Mining costs in South Africa still might not come down, no matter what technological advances occur.
But in African mining it all goes a bit wobbly after South Africa and Ghana.
Sudan comes in third with 46.1 metric tonnes of gold production. Followed by Tanzania 44 MT., Mali 40 MT., Burkino Faso 27.8 MT., Togo 16.5 MT., Zimbabwe 14.7 MT., Ethiopia 12 MT., Ivory Coast 10.4 MT., Eritrea 10.Mt. Of all of these, only Tanzania really meets the description of stable with good rule of law.
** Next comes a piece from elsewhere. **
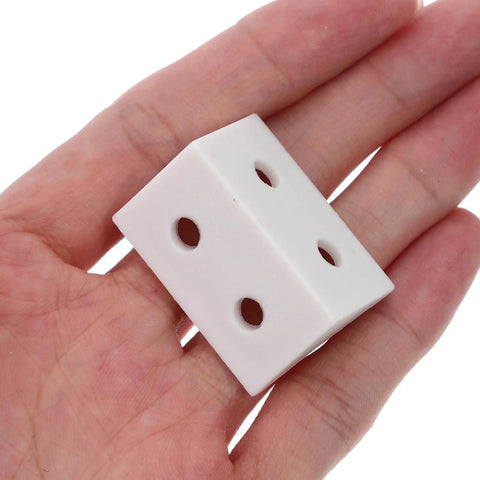 White Plastic Corner Brackets 20-Pack, 90-Degree Shelf Supports With Four-Hole Design For Drawers And Cabinets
So what drew my attention to the budgetary problems of Africa and gold. Well two recent news items. Just today, according to Reuters,
HARARE (Reuters) – Zimbabwe has postponed paying June’s salaries for its army and security services by two weeks and some civil servants will not be paid until next month, as the government struggles to raise money for wages, a ministry of finance official said on Friday.
Zimbabwe spends more than 80 percent of its budget on salaries, which the finance minister has previously said needed to be halved under proposed reforms aimed at winning financing from the International Monetary Fund.
In 2008, at the height of an economic crisis that saw hyperinflation reach 500 billion percent, some soldiers went on a rampage in the capital, looting shops because they were unable to get their salaries.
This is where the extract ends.